After the amendments in Companies Act, consequent changes and clarifications in legal and regulatory regime are awaited. But the Amendment has necessitated the discussion on the probable benefits of direct listing and the challenges ahead.The essay explains the recent amendment and attempts to capture the expected benefits of Direct Overseas Listing. The essay also highlights the important regulatory and practical challenges that may be posed on implementation of provisions and intends to provide possible solutions. The essay focuses only on the Indian Companies aiming to list on Overseas Stock Exchanges and the issues regarding listing of securities of foreign-incorporated companies have been left.

COMPANIES ACT AMENDMENT, 2020: ANALYSIS WITH REGARD TO DIRECT OVERSEAS LISTING

The Companies (Amendment) Bill, 2020 has been passed by both the houses and received presidential assent on 28thSeptember 2020. The Amendment Act aims to promote ease of doing business in India. Among other provisions, the amendment also allows Direct Overseas Listing and following amendments have been brought in this regard In Companies Act, 2013:

Section 2(52): Definition of ‘Listed companies’

‘Listed company’ means ‘a company which has any of its securities listed on any recognised stock exchange’. The amendment inserted a proviso:

“Provided that such class of companies, which have listed or intend to list such class of securities, as may be prescribed in consultation with the Securities and Exchange Board, shall not be considered as listed companies.”

This Proviso has been inserted to provide exemption to companies listing their securities on the stock exchange overseas.
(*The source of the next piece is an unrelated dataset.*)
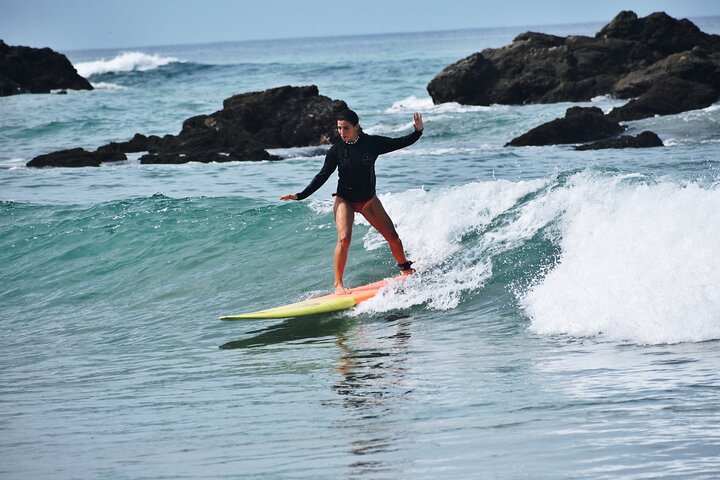 Lezione di surf di 2 ore tra le onde di Puerto Escondido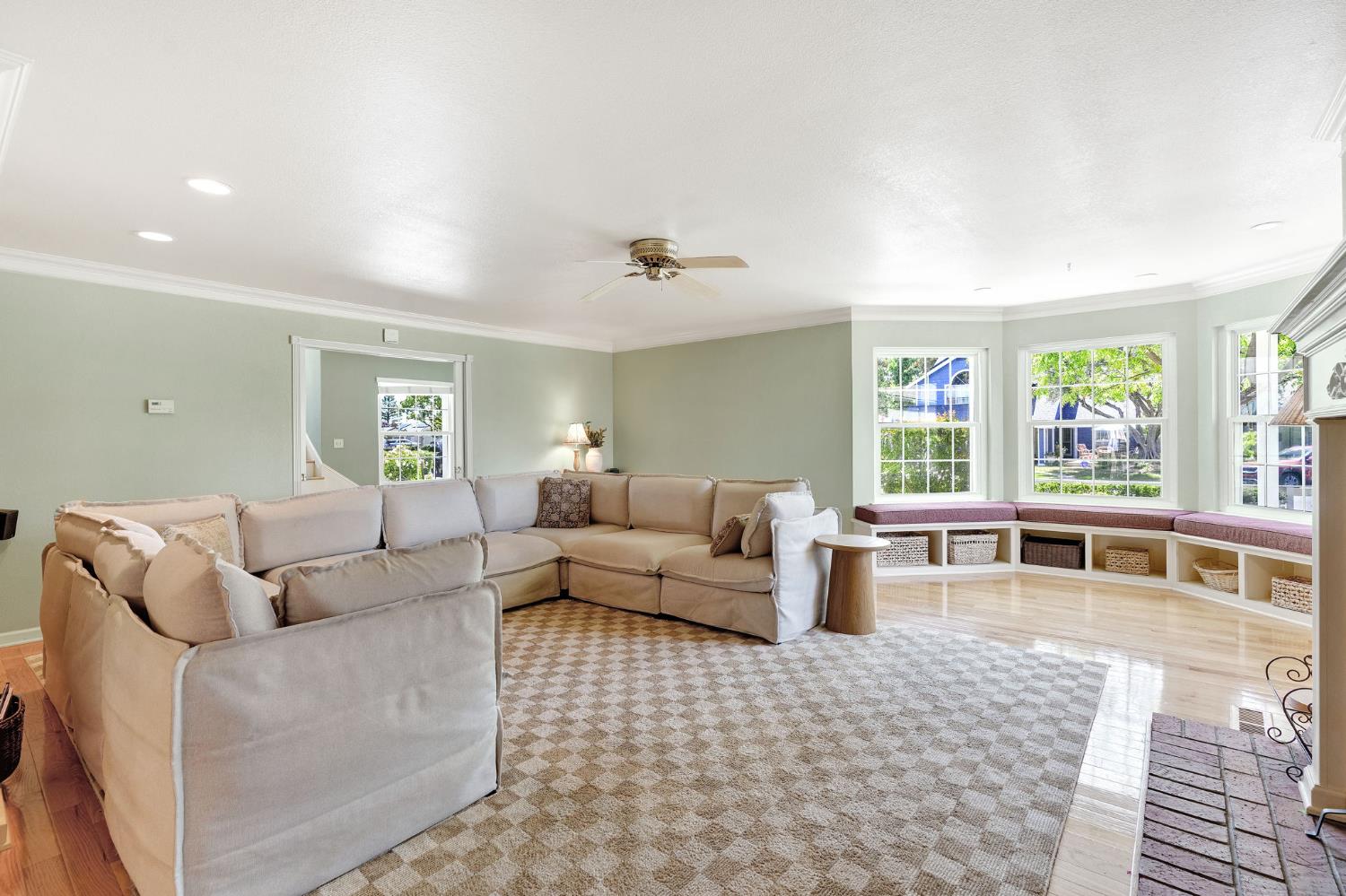 569 W Sample Ave, Clovis, CA 93612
The proviso will exempt such companies from requirements under Indian Listing Regulations (“LODR”) and it will allow them to fulfil the disclosure requirements of the relevant foreign jurisdiction.

Section 23: Public offer and private placement

This section specifies the modes by which a public or a private company may issue securities. Sub-section (1) specifies the route for issuance of certain securities, i.e., Public offer, Private placement and Rights or Bonus issue. The Amendment Act introduces a new route for issuance of certain securities by listing in foreign jurisdictions. Sub-sections (3) and (4) has been inserted:

“(3) Such class of public companies may issue such class of securities for the purposes of listing on permitted stock exchanges in permissible foreign jurisdictions or such other jurisdictions, as may be prescribed.

(4) The Central Government may, by notification, exempt any class or classes of public companies referred to in sub-section (3) from any of the provisions of this Chapter, Chapter IV, section 89, section 90 or section 127 and a copy of every such notification shall, as soon as may be after it is issued, be laid before both Houses of Parliament.”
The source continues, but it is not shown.